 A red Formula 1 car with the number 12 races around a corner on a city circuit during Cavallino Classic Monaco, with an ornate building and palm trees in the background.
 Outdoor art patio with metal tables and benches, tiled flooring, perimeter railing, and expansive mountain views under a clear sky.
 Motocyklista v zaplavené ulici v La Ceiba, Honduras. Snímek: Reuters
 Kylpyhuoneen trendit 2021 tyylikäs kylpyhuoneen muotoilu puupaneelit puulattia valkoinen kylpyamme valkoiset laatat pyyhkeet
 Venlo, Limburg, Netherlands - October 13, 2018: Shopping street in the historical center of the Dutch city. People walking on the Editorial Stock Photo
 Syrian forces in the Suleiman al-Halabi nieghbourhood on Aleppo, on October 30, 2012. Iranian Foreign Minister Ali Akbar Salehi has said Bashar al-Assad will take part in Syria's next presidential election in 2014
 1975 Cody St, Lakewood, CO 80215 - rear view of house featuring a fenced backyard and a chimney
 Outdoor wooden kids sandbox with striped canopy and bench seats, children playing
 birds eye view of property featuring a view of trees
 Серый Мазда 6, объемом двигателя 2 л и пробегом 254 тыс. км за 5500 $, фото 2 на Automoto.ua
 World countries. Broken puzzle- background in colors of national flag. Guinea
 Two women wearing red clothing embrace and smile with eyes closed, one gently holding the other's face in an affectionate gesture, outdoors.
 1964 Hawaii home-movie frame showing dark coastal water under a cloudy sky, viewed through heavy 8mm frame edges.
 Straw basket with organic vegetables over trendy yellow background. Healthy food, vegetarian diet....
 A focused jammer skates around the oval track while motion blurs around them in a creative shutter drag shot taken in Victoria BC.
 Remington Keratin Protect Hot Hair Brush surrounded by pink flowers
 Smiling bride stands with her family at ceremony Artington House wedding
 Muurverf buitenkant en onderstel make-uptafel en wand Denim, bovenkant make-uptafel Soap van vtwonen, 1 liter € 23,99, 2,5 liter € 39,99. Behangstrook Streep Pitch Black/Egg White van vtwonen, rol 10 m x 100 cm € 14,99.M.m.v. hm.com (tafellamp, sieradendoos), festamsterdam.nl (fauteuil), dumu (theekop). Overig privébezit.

-- TASK OBJECTIVE --
Where a line of the material holds the word "under", copy that line.

-- RESULT --
 Outdoor art patio with metal tables and benches, tiled flooring, perimeter railing, and expansive mountain views under a clear sky.
 1964 Hawaii home-movie frame showing dark coastal water under a cloudy sky, viewed through heavy 8mm frame edges.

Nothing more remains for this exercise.